На выставке в Токио, занявшей три этажа универмага «Мацудзакая-Гиндза», работы на японскую тему не были собраны в одном месте – тема проходила красной нитью через всю экспозицию. Рядом с театральными эскизами 1920 года лежали узкие листы с написанными Эйзеном иероглифами и их переводами на русский. В условно воспроизведенном интерьере квартиры на Потылихе висели эстампы Сяраку, Утамаро, других мастеров укиё-э из коллекции Сергея Михайловича, красовался подлинник живописного плаката «Тюсингуры» к московским гастролям 1928 года, лежали разноязычные книги о Японии из библиотеки Эйзенштейна. Отдельная витрина была отдана его встречам с японскими деятелями культуры в Москве, рукописям и заметкам о театрах но и кабуки.
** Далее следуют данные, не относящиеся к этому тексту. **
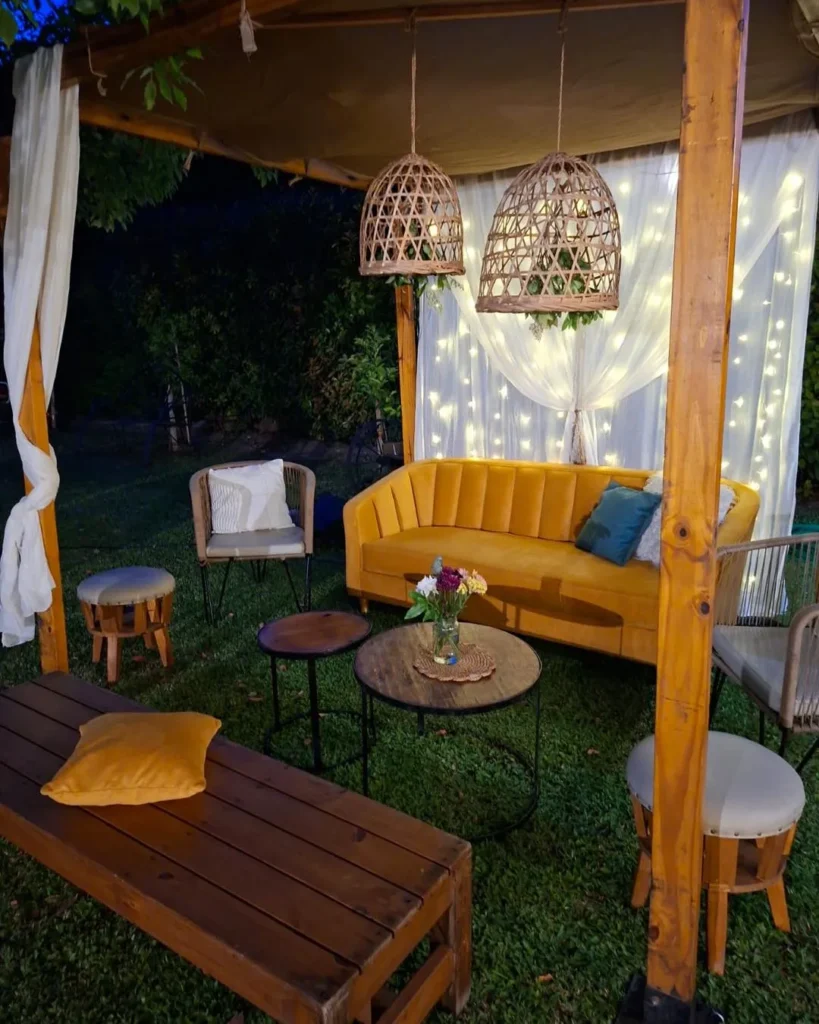 Pérgola de jardín con sofá mostaza, cortinas blancas con luces integradas, lámparas de mimbre y mesas circulares de madera Pergola de jardin con sofa mostaza cortinas blancas con luces integradas lamparas de mimbre y mesas circulares de madera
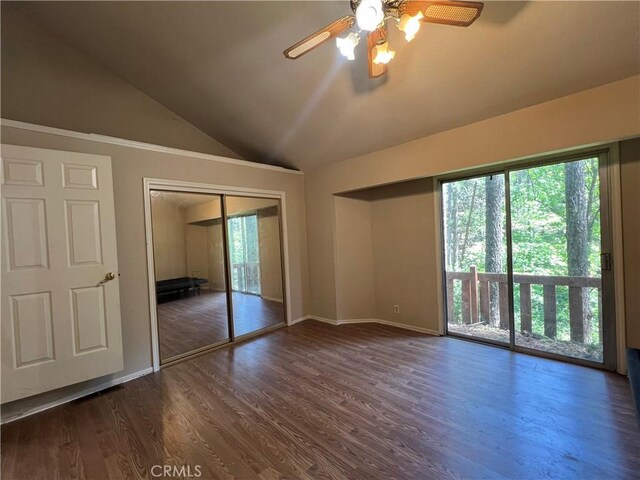 unfurnished bedroom with access to outside, wood finished floors, and vaulted ceiling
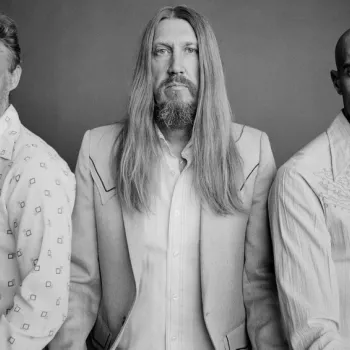 Three men pose together against a plain backdrop, each wearing light-colored, patterned shirts; one has long hair, one has short hair, and one is bald.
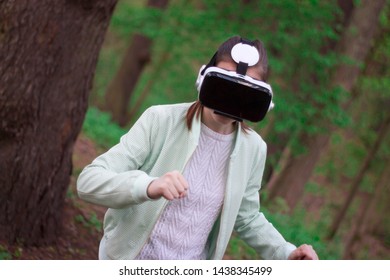 Teenager Girl Wearing Virtual Reality Goggles Outside In Spring Nature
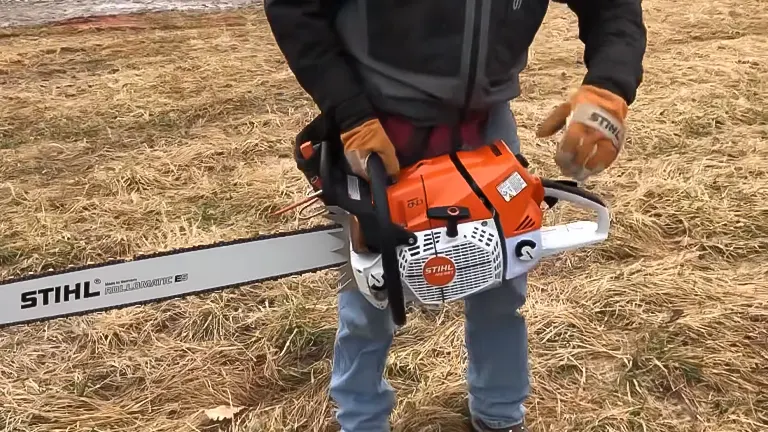 Person holding a STIHL MS 881 Magnum Chainsaw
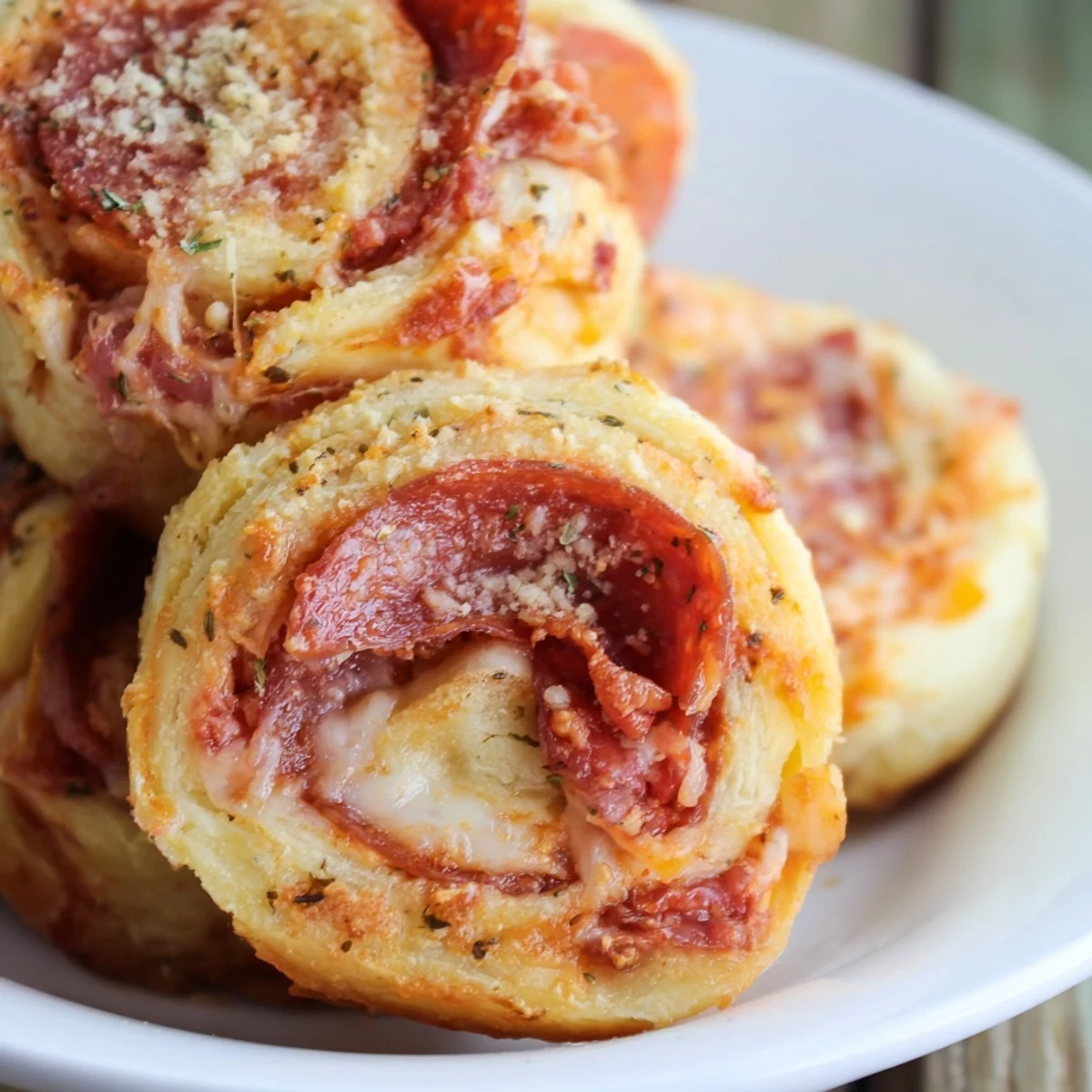 Freshly baked Game Day Pizza Rolls with Beef Pepperoni, golden brown and bubbling with melted mozzarella and cheddar.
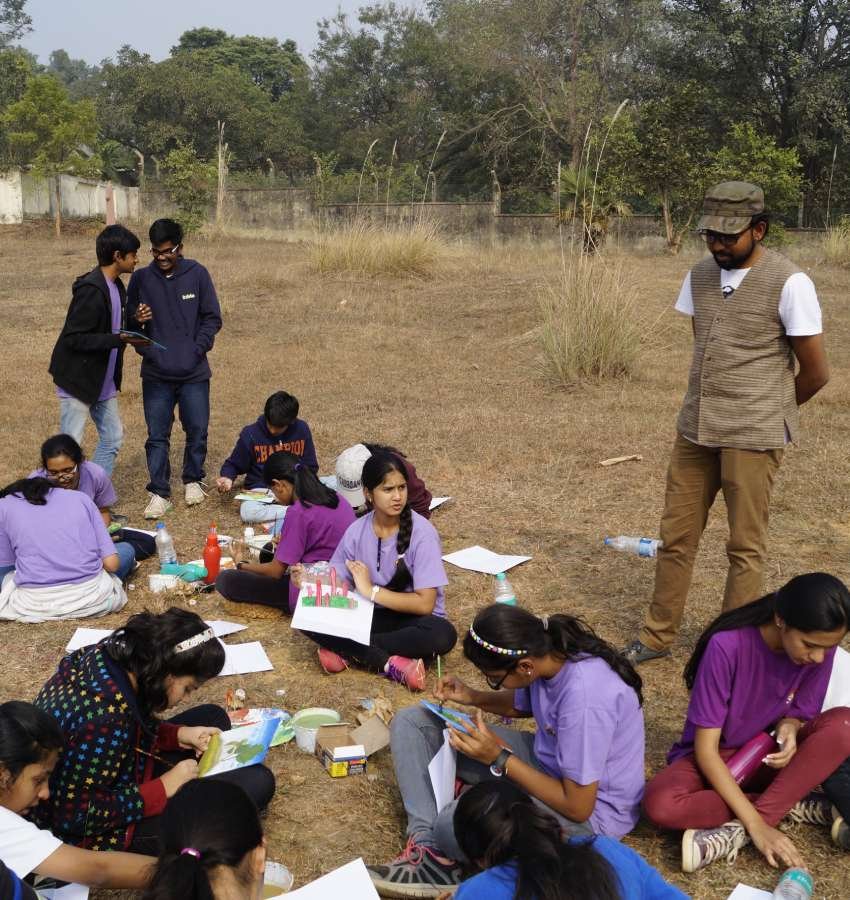 A cluster of students sit outdoors on the ground with painting materials while an instructor looks on.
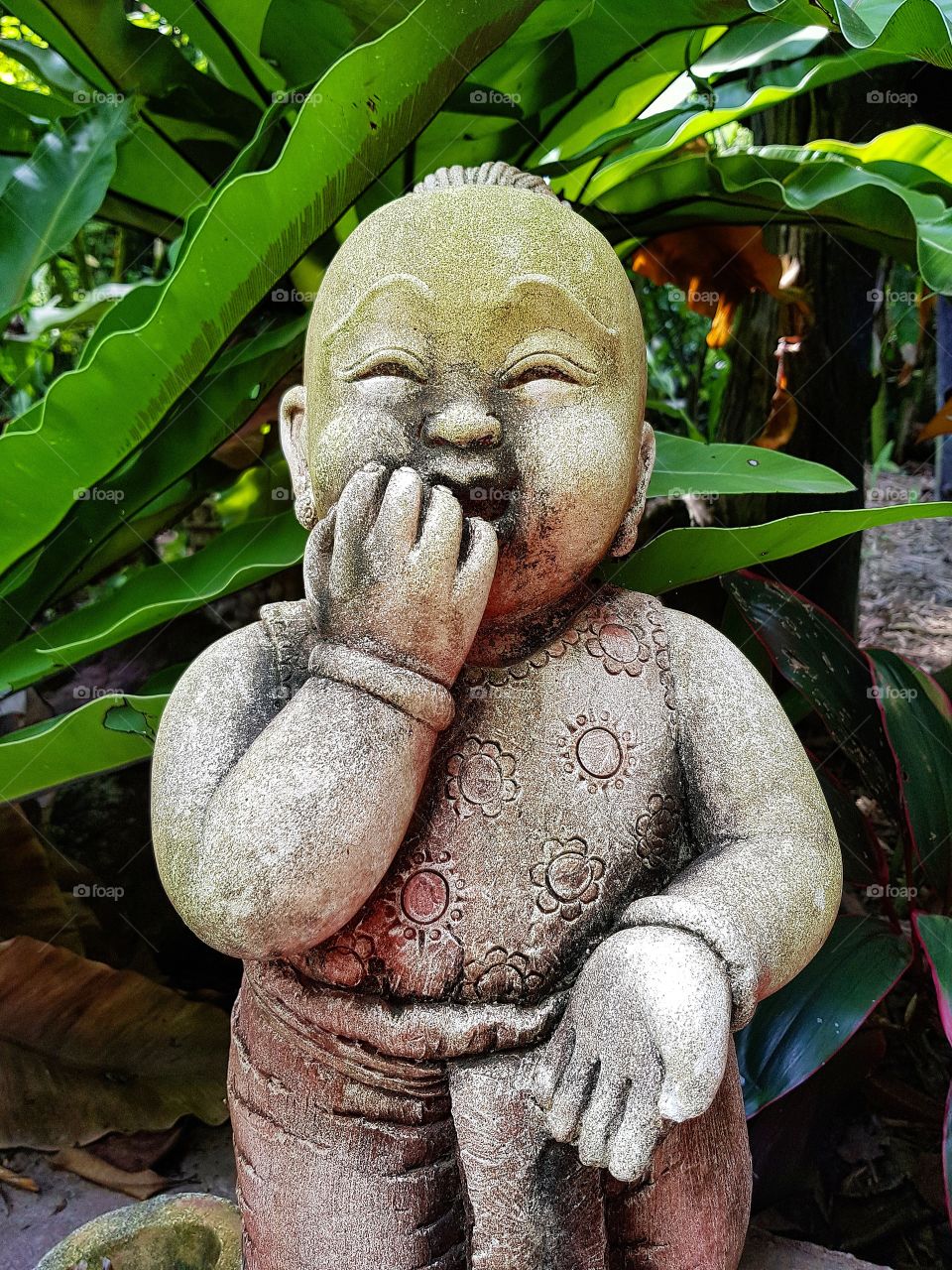 Laughing statue in garden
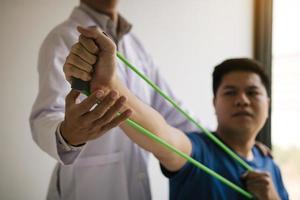 cierre el paciente de la mano haciendo ejercicio de estiramiento con una banda de ejercicio flexible y una mano de fisioterapeuta para ayudar en la sala de la clínica. foto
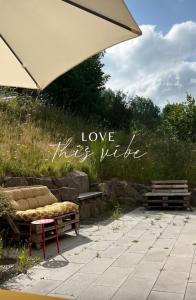 una panchina e un ombrello con la scritta love thats ville di eifelhausaufzeit Wellness Yoga Sauna-exklusiv-nachhaltig-ökologisch a Immerath
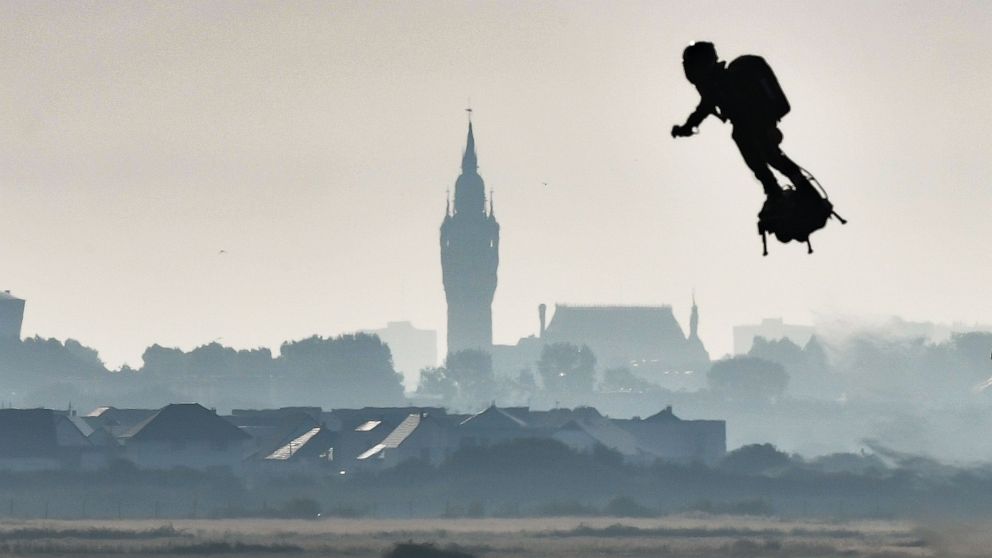 PHOTO: Franky Zapata on his jet-powered "flyboard" flies past the belfry of the city hall of Calais after he took off from Sangatte, northern France, on Aug. 4, 2019, during his attempt to fly across the 22-mile English Channel crossing in 20 minutes.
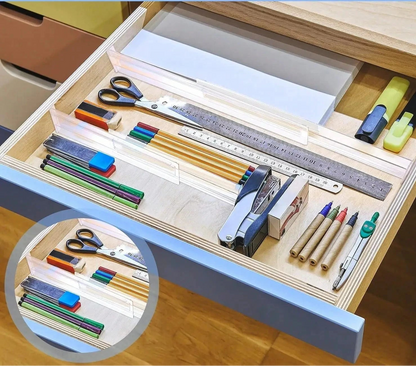tiroir de bureau bien range avec separateurs transparents contenant crayons stylos regles ciseaux et accessoires de bureau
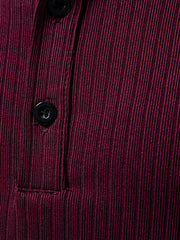 Burgundy ribbed henley t-shirt with black buttons and visible stitching detail.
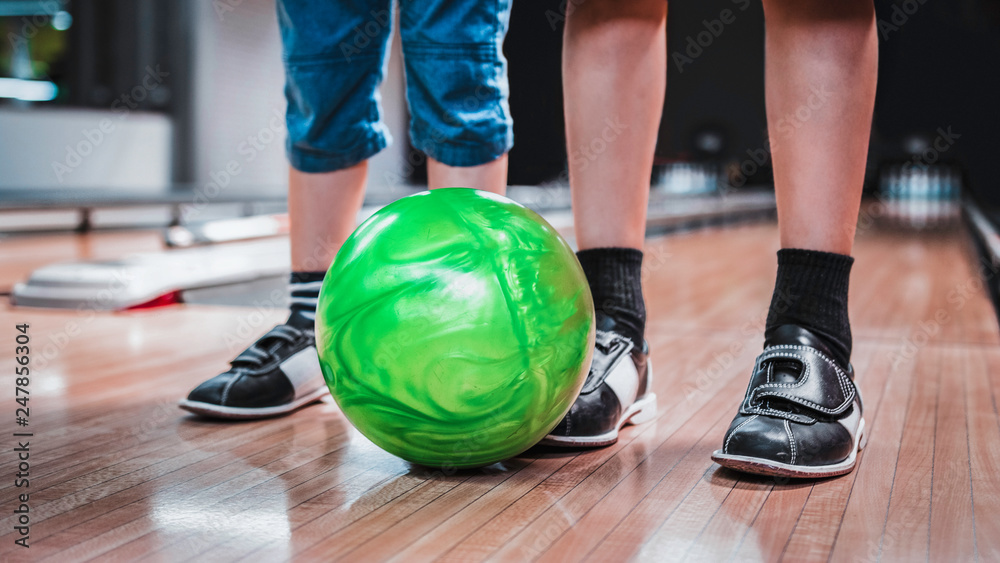 Photo kids legs with green bowling ball in a bowling alley. Stock-foto | Stock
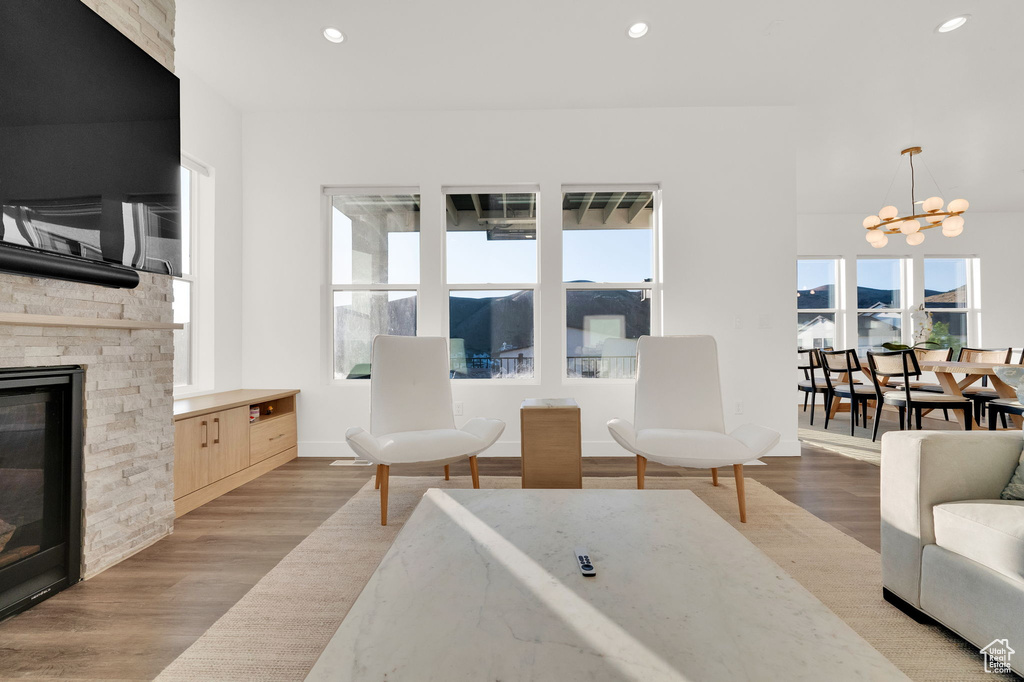 Living room featuring a chandelier, light wood-style floors, recessed lighting, and a stone fireplace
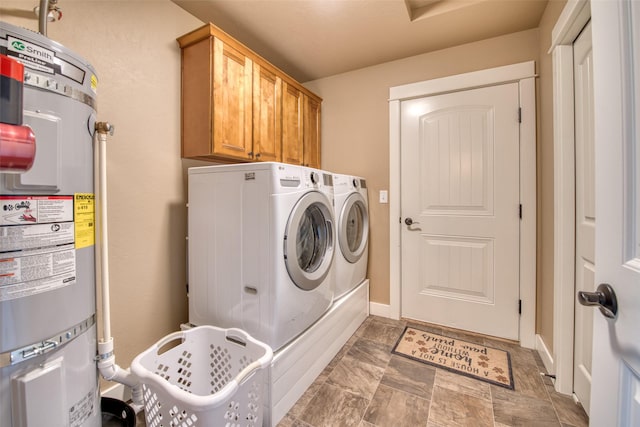 laundry area featuring cabinet space, baseboards, washer and clothes dryer, secured water heater, and stone finish flooring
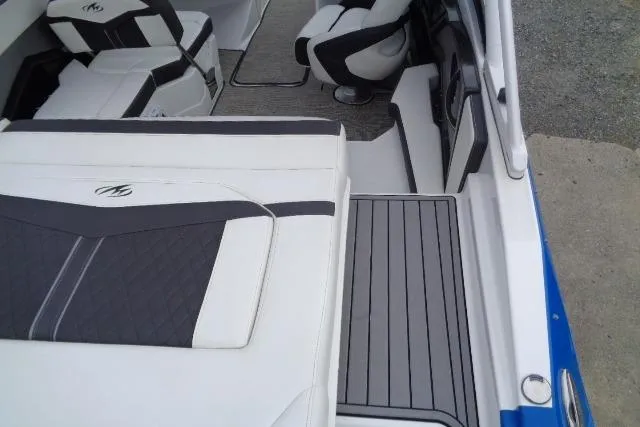 Slide: The Image of 2019 Monterey 218SS Super Sport boat interior with white and black seating. - 23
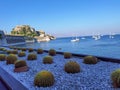 Corflu island castle, liight and church of st george by the sea , greece Royalty Free Stock Photo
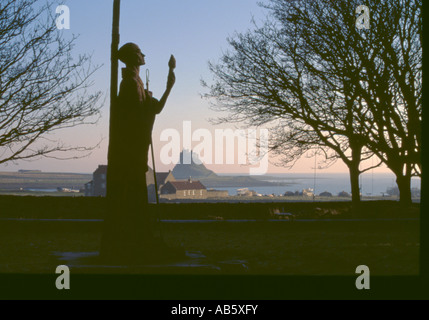 Statue of St Aidan with Lindisfarne Castle beyond, Holy Island, Northumberland, England, UK. Stock Photo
В один из первых дней работы выставку посетил Тэйноскэ Кинугаса, один из крупнейших мастеров японского кино.
В 1928-м он, начинающий кинорежиссер, приехал в Москву, чтобы встретиться с Эйзенштейном.
Кинугаса – совсем не по-японски – не может скрыть волнения от «новой встречи с сэнсэем», как он объясняет через переводчицу Мидори Кавасима. От этого маленького, сухонького старичка исходит такой свет доброжелательства и дружелюбия, что через десять минут я теряю робость в разговоре с классиком мирового кино. Его фото с Сергеем Михайловичем на Чистых прудах приводит Кинугасу в восторг: «У меня нет такой… Можно будет потом сделать с нее копию?» Дойдя до выгородки «квартиры на Потылихе», он вдруг протягивает руку и говорит: «Эту гравюру подарил Эйзенштейну я!» На цветном эстампе изображен – на фоне пейзажа – самурай со скошенным к переносице взглядом.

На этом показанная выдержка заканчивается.